The Coachella Valley Must Act to Maintain Local Control of Water Policy

By: Craig Kessler, Special to The Desert Sun

Perception is reality in politics, never more so than when the subject is water.

If the Coachella Valley learned nothing else from the last statewide drought crisis it was this: The facts of the matter didn’t matter much when it came to how Sacramento treated the valley.

Those who live, work, farm and play golf in the valley understand that the desert’s water supply is secured by sources almost entirely separate from the State Water Project and unrelated to seasonal rains and snows. It is secured by an aquifer that is among the richest and deepest in the world, as well as federally guaranteed allocations from the Colorado River.

Unlike many of California’s other groundwater basins, particularly those in the Central Valley and along the Central Coast, the aquifer that sits beneath the Coachella Valley has been managed with long-term sustainability in mind for generations, and it is ahead of the Coachella Valley Water Management Plan’s self-imposed 2020 deadline for stasis.

Of course, none of this prevented the Coachella Valley from being lumped in with the urban water districts that really are dependent upon seasonal rains and the State Water Project when it came time to impose 36 percent cutbacks. And it’s not going to matter with respect to the features of the recent “emergency” that are in the process of being made permanent, nor is it going to matter when the next “emergency” is tolled by the State Water Resources Control Board.

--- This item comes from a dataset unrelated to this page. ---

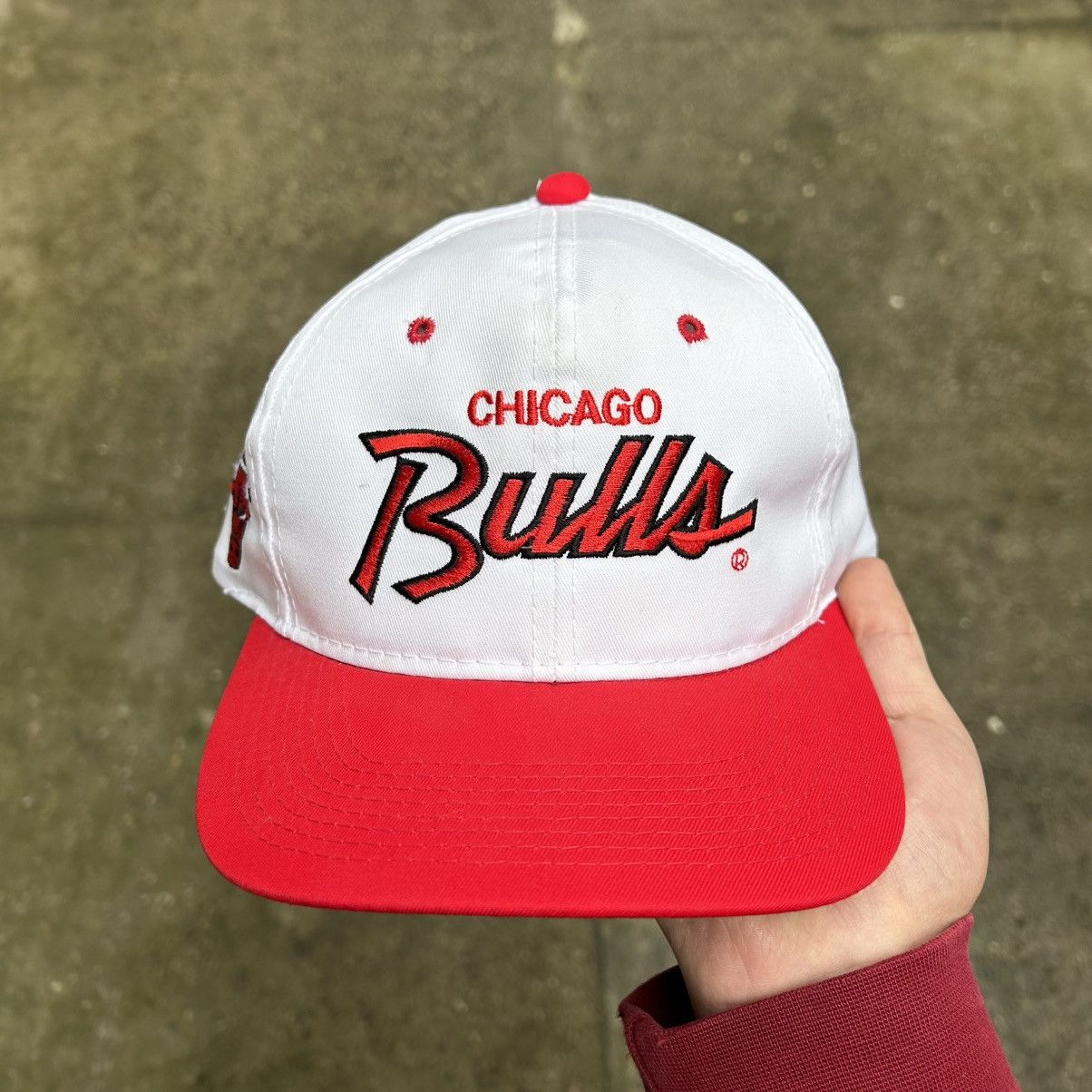 NBA × Sports Specialties Vintage Sport Specialities Chicago Bulls Script SnapBack Size ONE SIZE - 9 Thumbnail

Whether the subject is the details of the Groundwater Management Act, mandatory conservation protocols, or permissible landscape palettes, the order of California’s political day is centralization of authority in Sacramento. It’s not always direct authority. It’s more often the threat of substituting state control for local control when the state determines that the locality has failed to meet the state’s minimum standards as prescribed by separate regulation or legislation.

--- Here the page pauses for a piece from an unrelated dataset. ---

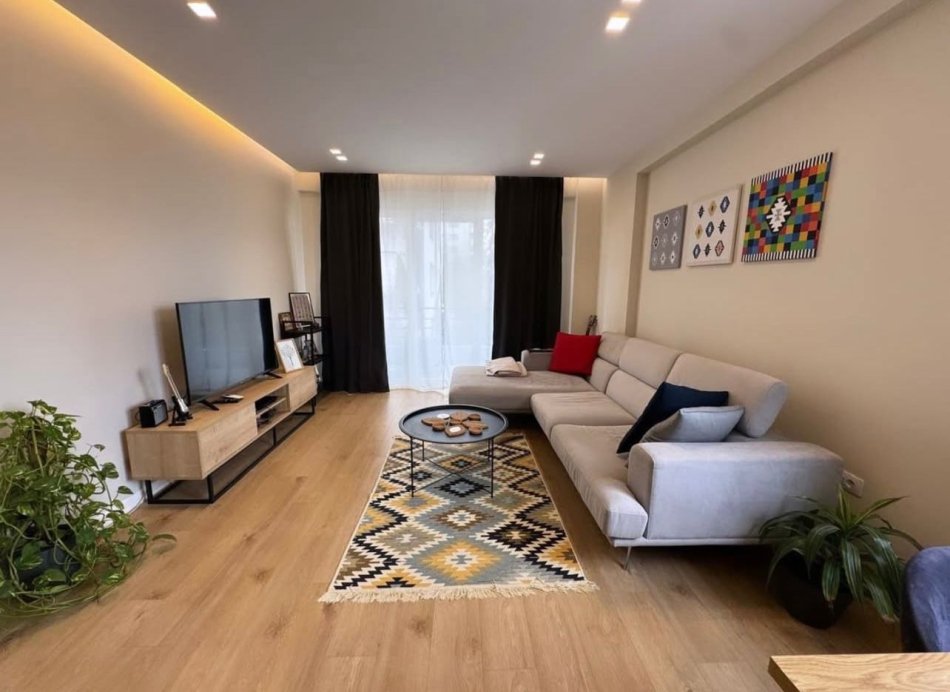 Tirane, shitet 2+1 Kati 3, 93 m² 265.000 € (RRUGA HAMDI SINA)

Thus, it is very much in the interest of everyone who lives, works, farms or plays golf in the valley to prevent that substitution. Complaining about the unfairness of it won’t prevent it. The desert’s fate is inextricably intertwined with the rest of the state, and the rest of the state is in a world of hurt.

As much as we would like to think that it’s the bone dry years that are the exception, the facts say otherwise. It’s the wet winter that’s the exception. So is what we used to call the normal winter.

One credible scientific study after another is revealing that the past 130 years have been among the wettest and most stable in California history. Those same studies are revealing that droughts of 10 and 20 years have been common in the last millennium, and a couple of them have lasted multiple generations.

In short, California has constructed an infrastructure to support 40 million souls and the sixth-largest economy in the world based upon rain and snow expectations that we are now discovering were anything but normative. The fact that this has nothing to do with the Coachella Valley is irrelevant. Coming to terms with that contradiction, unfair though it may be, is going to be key to keeping a measure of local control over water management here in the Coachella Valley.